La soirée Rezvani, avec Marie José Nat et la chanteuse Mona Heftre fut pure merveille et aucune intrusion ne réussit à perdre ce climat de poésie qui s'était emparé de la salle.

Pour moi ces journées étaient pur bonheur, la réalisation d'un rêve...La littérature habite chacune de mes journées. Il m'arrive mille fois de penser en écriture. Je me dis alors des phrases que je devrais écrire dans une sorte de journal échevelé, impétueux, capricieux inversement proportionnel à ce que ma vie trop organisée, trop contraignante me fait faire. Et je tente alors de me dompter, et le temps me manque pour aller au  bout de l'exercice intellectuel. Il me faut courir.

Le dilemne est réel. Agir, agir intensément ou écrire, il faut choisir! Concilier les deux est pour moi impossible. Et j'écris, j'écris mes discours obligés que je tente à chaque fois de rendre aussi digestes que possible. Un discours, d'ailleurs, pourrait être considéré comme une petite oeuvre! Il y a des poèmes, des nouvelles, des tribunes libres, des éditos et il y a des discours. C'est un genre après tout. Tout dépend aussi du sens critique et de l'exigence (du niveau allais je écrire) de l'auditoire...

Lorsque j'ai écrit mon livre sur melanie de Pourtalès j'étais entré en religion d'écriture. De jour comme de nuit j'étais dans mon livre, dans mes personnages, dans la recherche, dans le style. Pour mon Malraux ce fut pareil et je ne veux pas ici évoquer ce que peut-être le combat avec un éditeur. Baudelaire a laissé des pages pertinentes sur ses relations avec le sien, Poulet Malassis. Si je ne me prends en aucun cas pour Baudelaire d'autres sont à l'évidence des Pouletmalassis.

De "la bibliothèque idéale", réalisée en un vrai partenariat avec François Wolfermann, de la librairie Kléber, qui a réalisé le concept, il ne me reste que de très beaux souvenirs et l'envie de recommencer.

Ce qui n'a cessé de m'inspirer pendant ces belles soirées de fête intellectuelle, c'était un incroyable et inédit sentiment de confiance retrouvée.

La lecture des journaux, l'écoute quasi quotidienne des infos, radios ou télé, a tissé une toile de fond de pessimisme.
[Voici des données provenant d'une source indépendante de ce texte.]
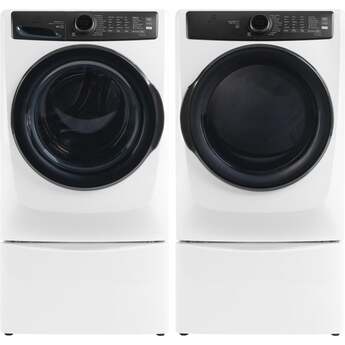 Electrolux 27 Inch Front Load Electric Dryer with 8.0 cu ft Capacity, Perfect Steam™, LuxCare® Dry, Instant Refresh, 200 CFM, Lint Filter, Anti Static, Delay Start, Control Lock and Energy Star Certified: White — thumbnail 28
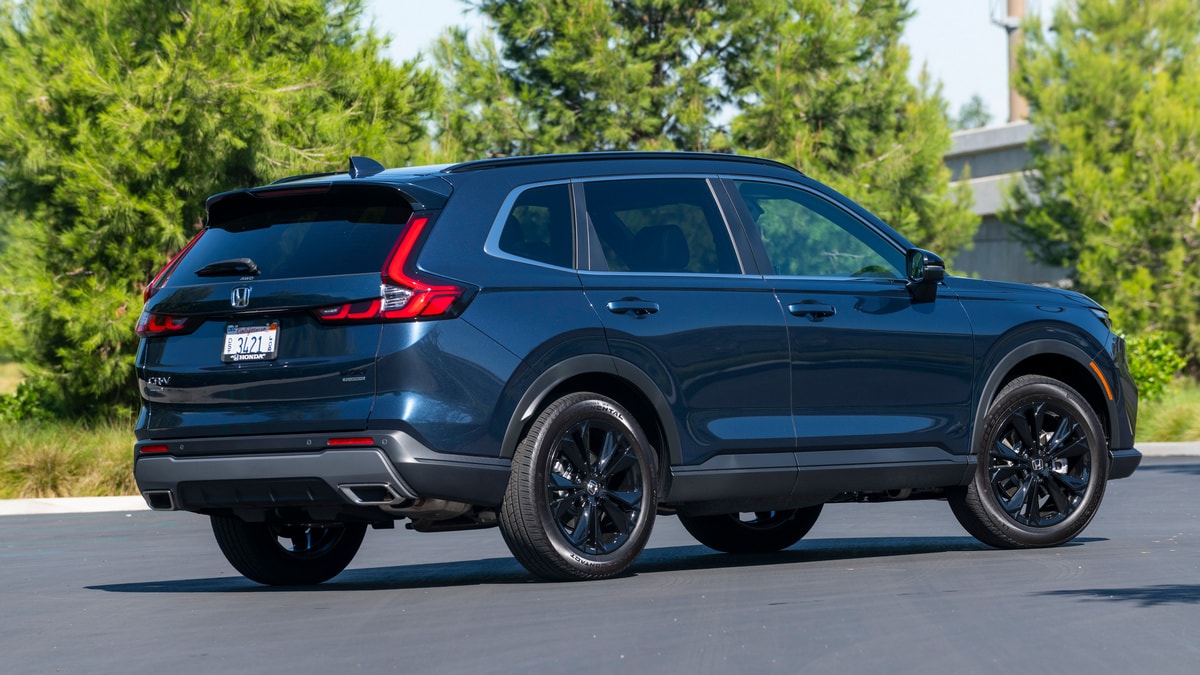 2023 Honda CRV Hybrid vs. 2023 Ford Escape Hybrid Comparison Kelley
Les jeunes, on n'en entend plus parler qu'en permanents termes négatifs : agressions, violences, brutalité, drogue...Au point que l'on pointe en permanence les "djeun's" comme une marchandise à média.

Or voila que pendant une quinzaine de séances autour de la pensée littéraire contemporaine des jeunes se sont agglutinés pour voir et entendre Orsena, Manguel, Bobin, Fernandez, Rezvani, Rey, Lévy, Nothomb, Sollers, Matzneff, Fabienne Kanor, Scholastique Mukosonga, Kangni Alem, Boniface Mongo-Mboussa, bref une bonne trentaine d'écrivains qui les ont emmené dans tous les territoires de la littérature, essais, poésie, romans.

Ils étaient là, attentifs, passionnés, prometteurs.

La presse quelle qu'elle soit pourrait ressentir de l'intéret à parler de ces jeunes ( il existe tout de même des photographes et des journalistes, susceptibles de montrer des salles pleines...) 

Quant à moi je ressens l'envie qu'on me parle de leurs passions pour les lettres et je ressors de ces rencontres autour de la bibliothèque idéale optimiste et plein d'espoir.

Non, tout n'est pas foutu. Faisons confiance à ces jeunes là et à leur capacité d'être contagieux, positivement et armés par les livres.

La vie intellectuelle, la vie tout court, me semble pleine de promesses.